Aikido classes include a cross section of our society - doctors, lawyers, students, law enforcement, businessmen and women, and more. They all come to classes for the same reason - to get better at Aikido. At the same time they are improving their welbeing and learning practical physical skills. It doesn't matter that many of these benefits cannot be seen. The Aikido lifestyle is about taking the lessons learned on the mat and applying them to your everyday life.

  • Some of the things aikido students may identify as benefits are: loss of weight, improved flexibility and better coordination. These visible benefits are easy for a student to see. What you can't see are the improvements in your overall health as a result of training. Often exercise is associated with achieving something external like weight loss or flexibility. Rarely do people take up a martial art to improve their cholesterol, blood pressure or blood sugar levels but these are some of the invisible benefits of the exercise that Aikido provides. It is worth reminding yourself when you get frustrated while training that you are still doing something positive for your health. Aikido also teaches you how to use your body as a coordinated unit. If you spend most of the day sitting, driving, or working at a computer, your body can develop some unnatural movement patterns. The body awareness that Aikido develops is invaluable, not just during training but in your daily life. With an increase in body awareness, strength and mobility will soon follow. Improvements in mobility will keep you on the aikido mat training for a long time and improve your prospects for aging without bone fragility and balance issues.

  • The mental improvements that come as a result of Aikido are often overlooked. First, the process of learning a technique requires as much mental activity as it does physical. In order to learn a technique you must practice it over and over to understand, not just how to apply it, but how to respond to the individual differences of your training partners. This is a process of constantly evolving skill level over months and years. In your daily life do you respond to obstacles by walking away, pushing harder, or by seeking alternative solutions? If you say "I can't do this" you will always be right but never successful. With aikido training there are going to be times of frustration and if you persist you can develop the confidence that comes with achievement. You will also begin to appreciate the value of going around an obstacle that is causing frustration rather than attacking it head on. The mental strength to keep trying even when things are not going your way will also show up in other areas of your life.
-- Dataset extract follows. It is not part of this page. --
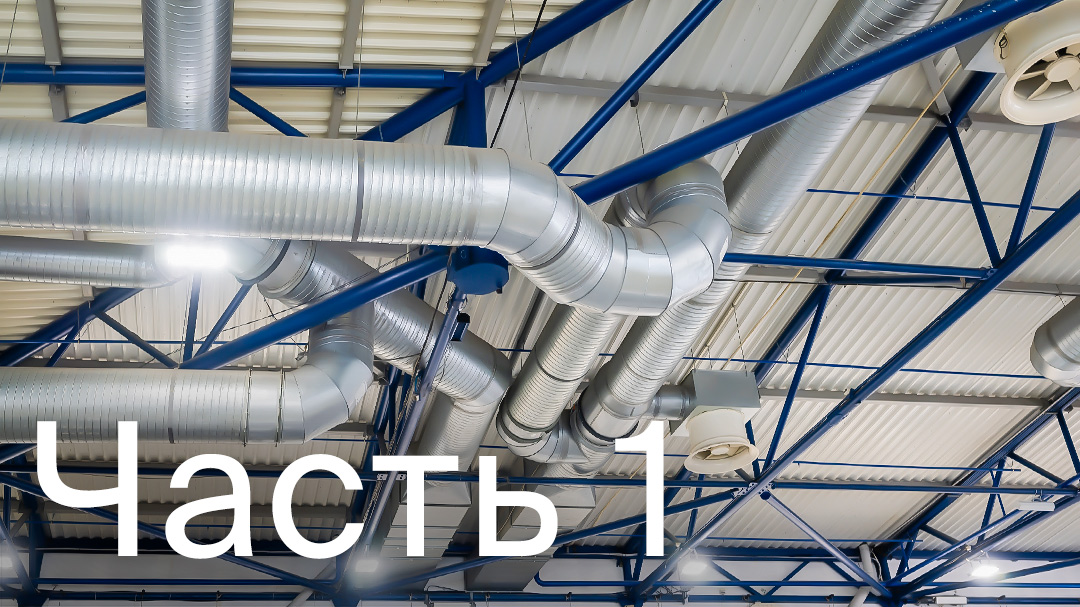 Замерзание калорифера: топ три сценария аварий вентустановки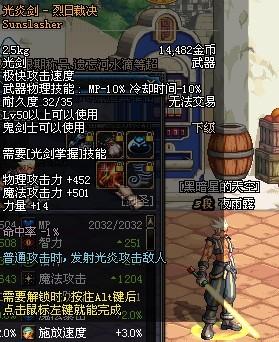 烈日裁决迎战金鹰特攻，神级操作拯救比赛，掌控节奏如行云流水的简单介绍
  • Learning Aikido requires a considerable of patience and attention to detail. The many techniques can take years to master but with learning comes a sense of accomplishment. This sense of accomplishment empowers us with self-esteem and confidence. Aikido is a great stress relief. When you walk into the dojo to begin a class the stresses of your daily life are left at the door. There is no space during a class to think about your bad day at work or school. Aikido requires focus so you don't miss essential details during a technique demonstration or lose opportunities with your training partner. Being able to train surrounded by a supportive community is also an essential part of this stress relief. Aikido friendships can be special and for some the Aikido community can become a second family. There is a bond between martial artists that allows you to throw and be thrown while laughing with the joy of well executed technique. This is something that few outside of the martial art of Aikido will ever understand.

  • While this is often the reason that many people come to Aikido, it is rarely the reason they stay. Yes, it is important to be able to defend yourself when you need to. This requires not only physical skills but also to mentally fight back and not just shut down. Aikido training builds self defence skills and a tougher mind. In physical terms it also helps improve agility, balance, endurance, and flexibility. The main lesson of Aikido however is it teaches you to avoid physical confrontations in the first place

  • "A boss says go - A leader says let's go".
    When you lead you show others the way instead of just telling them.
    When you teach someone else a technique or when you take the warm up, the best way is usually by demonstration i.e. "showing the way". As you progress in Aikido you will be called on to share your knowledge, skills and insights with other students. Senior students who work hard and practice their skills lead by example. This focus on leadership can then flow into other areas of your life.